Ils ont alors plongé dans une immense base de données qu'ils ont eux-mêmes composée à partir de différentes sources. De VentureSource, ils ont extrait chacun des placements effectués entre 1975 et 2003 par 3 510 investisseurs en capital de risque américains. Et de chacun de ces investisseurs, ils ont dressé le profil personnel et professionnel le plus précis possible, à partir de documents de la Securities and Exchange Commission (Sec), d'articles de journaux et autre CV dénichés sur le Web (LinkedIn, etc.).
Puis, ils en ont dégagé deux sortes de variables : l'une liée à l'individu, l'autre, aux duos.

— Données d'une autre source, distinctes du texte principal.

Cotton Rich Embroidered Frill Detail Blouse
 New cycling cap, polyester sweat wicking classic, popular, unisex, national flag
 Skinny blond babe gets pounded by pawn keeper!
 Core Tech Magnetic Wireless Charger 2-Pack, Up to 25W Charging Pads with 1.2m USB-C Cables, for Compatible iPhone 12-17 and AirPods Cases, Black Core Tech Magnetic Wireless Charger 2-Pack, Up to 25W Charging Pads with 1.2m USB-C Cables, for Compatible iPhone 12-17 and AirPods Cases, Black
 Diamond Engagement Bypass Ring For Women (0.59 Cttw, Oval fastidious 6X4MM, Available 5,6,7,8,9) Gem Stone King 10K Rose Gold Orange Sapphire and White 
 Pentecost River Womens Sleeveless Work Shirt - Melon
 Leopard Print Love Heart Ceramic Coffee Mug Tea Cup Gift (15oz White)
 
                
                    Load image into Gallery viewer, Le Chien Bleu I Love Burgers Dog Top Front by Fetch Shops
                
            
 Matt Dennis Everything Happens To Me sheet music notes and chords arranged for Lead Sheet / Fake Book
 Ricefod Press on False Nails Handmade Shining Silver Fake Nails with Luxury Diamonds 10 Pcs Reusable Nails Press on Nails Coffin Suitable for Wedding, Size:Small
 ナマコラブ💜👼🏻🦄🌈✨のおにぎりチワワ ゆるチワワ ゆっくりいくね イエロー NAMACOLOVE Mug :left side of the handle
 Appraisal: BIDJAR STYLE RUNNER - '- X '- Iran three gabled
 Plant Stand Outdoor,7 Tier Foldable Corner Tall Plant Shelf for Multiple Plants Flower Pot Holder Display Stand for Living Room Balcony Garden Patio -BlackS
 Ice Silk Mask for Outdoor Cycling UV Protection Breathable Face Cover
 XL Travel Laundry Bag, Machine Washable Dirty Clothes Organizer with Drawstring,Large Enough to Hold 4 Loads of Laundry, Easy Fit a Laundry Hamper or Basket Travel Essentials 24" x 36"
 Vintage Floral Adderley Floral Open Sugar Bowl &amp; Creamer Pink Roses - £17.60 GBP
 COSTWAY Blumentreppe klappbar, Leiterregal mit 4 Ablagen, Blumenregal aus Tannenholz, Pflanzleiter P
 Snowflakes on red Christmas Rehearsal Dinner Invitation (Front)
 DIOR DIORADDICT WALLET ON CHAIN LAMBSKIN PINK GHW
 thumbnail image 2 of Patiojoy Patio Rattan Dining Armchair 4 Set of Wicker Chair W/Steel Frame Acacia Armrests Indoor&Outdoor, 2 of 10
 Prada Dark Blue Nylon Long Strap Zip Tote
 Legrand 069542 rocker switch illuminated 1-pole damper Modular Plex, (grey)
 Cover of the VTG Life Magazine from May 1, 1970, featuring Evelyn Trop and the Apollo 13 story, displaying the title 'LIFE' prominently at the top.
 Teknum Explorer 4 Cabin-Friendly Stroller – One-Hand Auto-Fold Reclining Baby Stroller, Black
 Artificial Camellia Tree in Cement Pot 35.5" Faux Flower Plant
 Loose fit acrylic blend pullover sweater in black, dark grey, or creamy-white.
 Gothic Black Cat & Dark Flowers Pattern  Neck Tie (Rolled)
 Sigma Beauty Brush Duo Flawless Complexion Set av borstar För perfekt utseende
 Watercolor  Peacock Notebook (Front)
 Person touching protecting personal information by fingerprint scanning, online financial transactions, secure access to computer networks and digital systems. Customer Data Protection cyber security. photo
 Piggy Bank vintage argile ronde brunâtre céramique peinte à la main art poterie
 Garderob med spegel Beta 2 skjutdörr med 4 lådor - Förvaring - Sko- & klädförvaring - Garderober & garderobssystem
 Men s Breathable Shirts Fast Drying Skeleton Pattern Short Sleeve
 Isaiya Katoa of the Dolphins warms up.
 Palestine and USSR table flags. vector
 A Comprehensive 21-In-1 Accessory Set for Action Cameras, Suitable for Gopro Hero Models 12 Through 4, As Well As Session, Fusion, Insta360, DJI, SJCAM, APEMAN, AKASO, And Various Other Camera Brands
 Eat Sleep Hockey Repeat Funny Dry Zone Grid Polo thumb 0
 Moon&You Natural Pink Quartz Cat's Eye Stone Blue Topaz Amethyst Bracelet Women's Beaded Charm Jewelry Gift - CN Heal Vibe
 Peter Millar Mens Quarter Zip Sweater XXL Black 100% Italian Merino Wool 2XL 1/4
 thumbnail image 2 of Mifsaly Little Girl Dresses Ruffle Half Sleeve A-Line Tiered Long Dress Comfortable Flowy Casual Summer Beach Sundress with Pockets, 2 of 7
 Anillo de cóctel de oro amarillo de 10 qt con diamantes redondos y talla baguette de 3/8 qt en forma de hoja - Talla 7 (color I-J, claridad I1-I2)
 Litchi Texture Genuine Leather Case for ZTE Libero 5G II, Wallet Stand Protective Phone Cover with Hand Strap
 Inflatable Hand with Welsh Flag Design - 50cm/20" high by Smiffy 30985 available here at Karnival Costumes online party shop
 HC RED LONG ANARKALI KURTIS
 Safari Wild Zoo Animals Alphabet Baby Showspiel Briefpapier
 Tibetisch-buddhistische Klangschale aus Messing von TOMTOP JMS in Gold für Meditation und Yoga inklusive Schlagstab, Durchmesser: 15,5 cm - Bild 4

Les variables sur l'individu portaient, entre autres, sur le sexe, l'origine ethnique et les écoles fréquentées. Et celles sur les duos représentaient toutes les fois où un investisseur avait œuvré de concert avec un autre, sachant que lorsqu'un investisseur est à l'origine d'une transaction, il est vite suivi par d'autres, qui se mettent à manœuvrer comme lui, avec une tactique et une stratégie similaires, pour ne pas dire complémentaires : ce travail en groupe est souvent bénéfique pour tous. Dès que deux investisseurs de leur liste se retrouvaient parmi les premiers impliqués dans une même transaction, ils étaient considérés par les trois chercheurs de Harvard comme un duo.
Qu'est-ce que ce travail de fourmi leur a-t-il permis de découvrir? Des choses fort intéressantes :
> Deux investisseurs qui ont le diplôme d'une université prestigieuse ont un pourcentage supérieur de 8,5 points de pourcentage d'œuvrer ensemble que deux autres qui n'ont pas ce point commun.
> Deux investisseurs qui ont le même diplôme universitaire ont un pourcentage supérieur de 20,5 points de pourcentage d'œuvrer ensemble que deux autres qui n'ont pas ce point commun.
> Deux investisseurs qui ont la même origine ethnique minoritaire ont un pourcentage supérieur de 22,8 points de pourcentage d'œuvrer ensemble que deux autres qui n'ont pas ce point commun.
Par conséquent, un investisseur a nettement plus de chances de collaborer avec un autre s'il a un point en commun avec celui-ci.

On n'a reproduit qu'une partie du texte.